にほんご練習帳

思ったことや感じたことを文章に表現する訓練のためやってます。できるだけ毎日続けようと思ってます。

涙を分析する

父の遺品整理をしていた母からLINEで画像が送られてきた。絵が大好きな父のスケッチブックから、ぼくの長男を描いたものが出てきたのだ。息子がまだ小さいころ、ぼくが離れて暮らす両親へ、手紙に添えて送った写真をもとに描かれていた。なんともいえない感情が湧いて涙が出た。
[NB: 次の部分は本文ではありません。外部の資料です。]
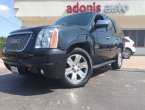 2012 GMC Yukon under $500 in Texas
ひとしきり感動した後で思った。この涙は何に対して流れたんだろう。「なんともいえない感情」の正体は何だろう。そんな興味をもつ自分に興ざめしつつ、考えてみた。


まずは「嬉しい」。絵に描きたいと思うくらい、ぼくの息子を愛しく思ってくれていたのだろう。父が描いた我が息子は、聞かん坊な、けれどどこか思慮深さが感じられる、なんとも魅力的な表情をしている。父さんはこんな風に見てくれていたのかという嬉しさはひとしおだ。


そして「驚き」。ふだん面と向かっては孫を溺愛する素振りを見せない父だっただけに、この意外性は大きく心を揺さぶった。


でもそれだけではないだろう。もし父が健在だったとして。ある日母が「お父さんが絵を描いたよ~」と息子の絵を送ってきたとする。もちろん驚くし嬉しいはずだ。でも涙が出るだろうか?(いや出ない。)


ということは、この嬉しさをもう本人に伝えることができない、そんな寂しさや無念さも同時に混ざっていたのだと思う。


こんな感情が一斉に押し寄せてきた結果、気づいたら涙が流れていた。そういうことだろうか。う~ん、まだまだ言語化できていない感情が混ざっている気がするけれど、今日はこのくらいにしておこう。